We have a brand new updated website! Click here to check it out!

Ceramic exhibition features many forms of “Resistance”

An art exhibit opens Friday night in downtown St Joseph that shows off many different forms of “resistance.”

Dooley Lawrence says the name “Resistance” was bestowed upon his exhibition by his collaborator Carla Malone Steck, and Json Myers, the operator of the International Trucking Service Gallery at 803 Francis. The show features a pair of “zen gardens” complete with unusual ceramic works. You’ll also notice some of the resistance offered by the ropes, racks and other shelving apparatus used to display Mr Lawrence’s work.

Lawrence says one of his favorite things to do is to manage the very lengthy firing process that leads to his finished works. He uses the “Anagama” firing method, a process developed thousands of years ago by peasants in the far east. Mr Lawrence built his own Anagama kiln at his home.

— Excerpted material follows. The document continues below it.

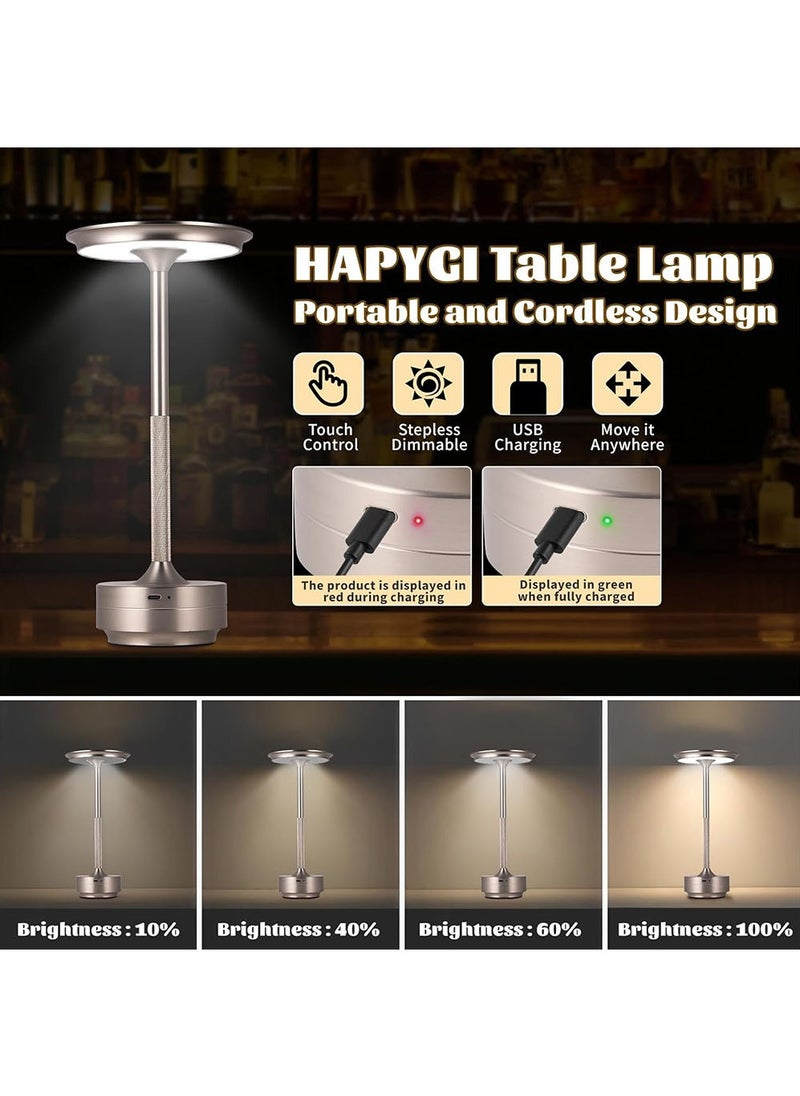 Rechargeable Cordless LED Table Lamps Touch Sensor Light Silver, 3-Levels Portable Dimming Wireless Battery Operated Lamp，Nightstand Lamp/Night Light/Restaurant Table/Outdoor/Coffee/Bar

The firing of a new batch of works is a ten-day, 24-hour-a-day process that requires his nearly-constant attention. Detailed and timed cooling is also essential, and can last upwards of 21 days.

“My first experience was with a small, wood-fired kiln that I built, that fired in about 18 to 24 hours,” Lawrence says in an interview.

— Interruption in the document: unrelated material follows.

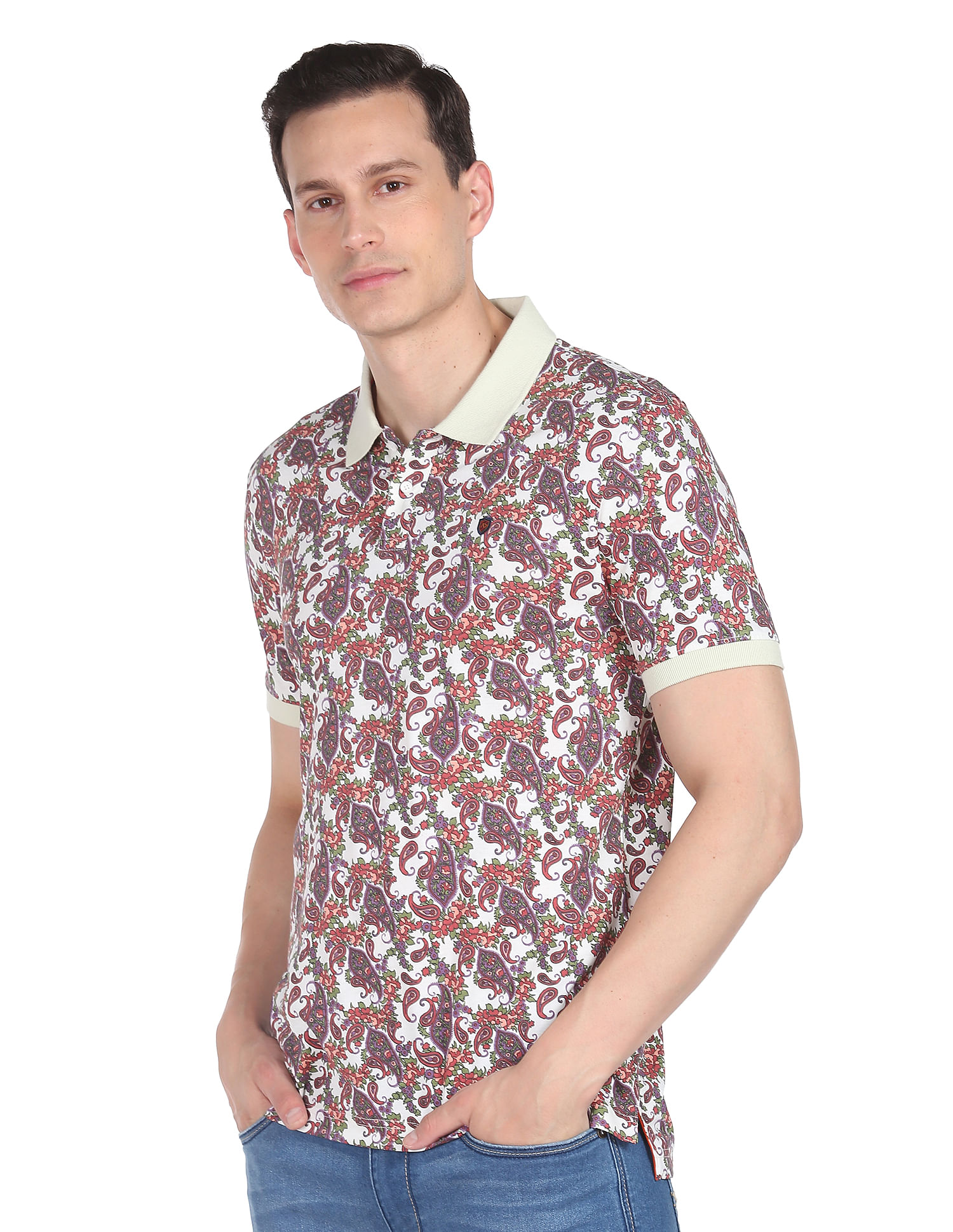 AD by Arvind Modern Floral Print Polo Shirt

“Now I enjoyed doing that, but when I read about these Anagama kilns, that were fired for multiple days, nine, ten, up to 20 days, and the photographs of the works coming out of them, those two things together, I knew this is what I wanted to do.”

Mr Lawrence says his finished products stir some primitive emotions. The process, he says, is “…ancient in its aesthetic qualities, simple, and basic, but it goes beyond a manufactured object.”

“This is the first kiln that humans built that were able to reach high temperatures, hot enough to melt wood ash. So you’re firing this kiln for several days. the ash from the wood settles on the shoulders of the pots, and the temperature gets significantly hotter, so hot that the ash on those pots melts.”

Lawrence says his works have a unique kind of beauty, “not something that can be applied with a brush or a sprayer, or by dunking or dipping.”

The exhibition “Resistance” opens Friday night (June 22) and continues through the end of June at the International Truck Service Gallery, next door to Goode Food Delivered at 803 Francis.  They’ll offer field trips and wheel throwing demonstrations for free.  Call (816) 617-7543 to make an appointment.

Some special events are planned for the opening reception Friday night, including musical performances from Lawrence’s daughter Dansare. She is one of the vocalists in a local favorite, the band “Eylit.”